I’m another with limited space.  I have a closet at the end of our mud/laundry room. This room has a full sink that is equipped with a whole house water filtration under it that I use for filling the primary fermentation container. The closet safely holes 6 car boys, while the shelves above hold my aspirator pump, suction canister, chemicals, bags, or corking supplies, etc.


----------



## Khristyjeff (Jun 9, 2020)

SpoiledRotten said:


> I’m another with limited space.  I have a closet at the end of our mud/laundry room. This room has a full sink that is equipped with a whole house water filtration under it that I use for filling the primary fermentation container. The closet safely holes 6 car boys, while the shelves above hold my aspirator pump, suction canister, chemicals, bags, or corking supplies, etc.View attachment 62191
> View attachment 62192


Very resourceful, Randy!


----------



## akron (Jun 10, 2020)

Looks like some heavy lifting at times!


----------



## mendozer (Jun 25, 2020)

The carboys in my model are empty, storage only.
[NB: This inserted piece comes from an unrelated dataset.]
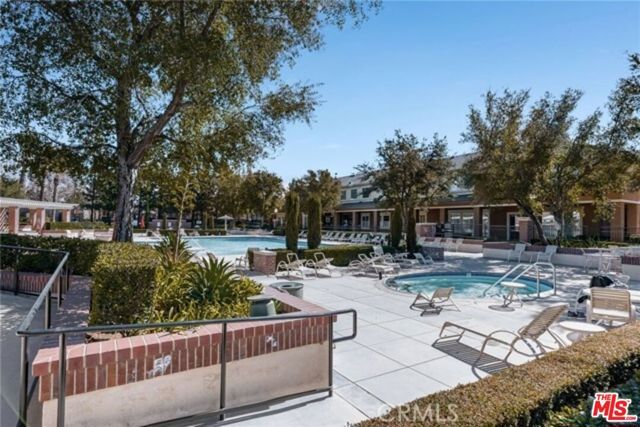 5322 Teramo Lane, Fontana, CA 92336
I have room in this area to have carboys, kegs, or conicals on the wall for wine aging. I was only planning on this corner being for bottle storage. While I COULD store aging carboys in there, I don't need to. And it gives me more freedom to have them wherever in that room. Original plan was a big a$$ wine cabinet but this is cheaper and will have walk in space.


----------



## mendozer (Jun 25, 2020)

due to the space I was going to make my own racks since I'll likely have to have it customized. I was on the fence between those stackable wood ones using say 2x4 and 1" wood for the horizontal parts. OR goat panels. no matter what I'm securing them to the wall.


----------



## mendozer (Oct 28, 2020)

I got a good deal on some steel wine racks coming. If I do this 5x5 corner I can fit four (600 bottles), if I do a 5x8 room, I can put six racks, so 750 bottles. The corner has a better "flow" in the room as you walk around that corner to get to the next space, so the rectangle would impede that more. But the space saving would allow me to store the wine press in there vs the shed outside. Both have their pros and cons.


----------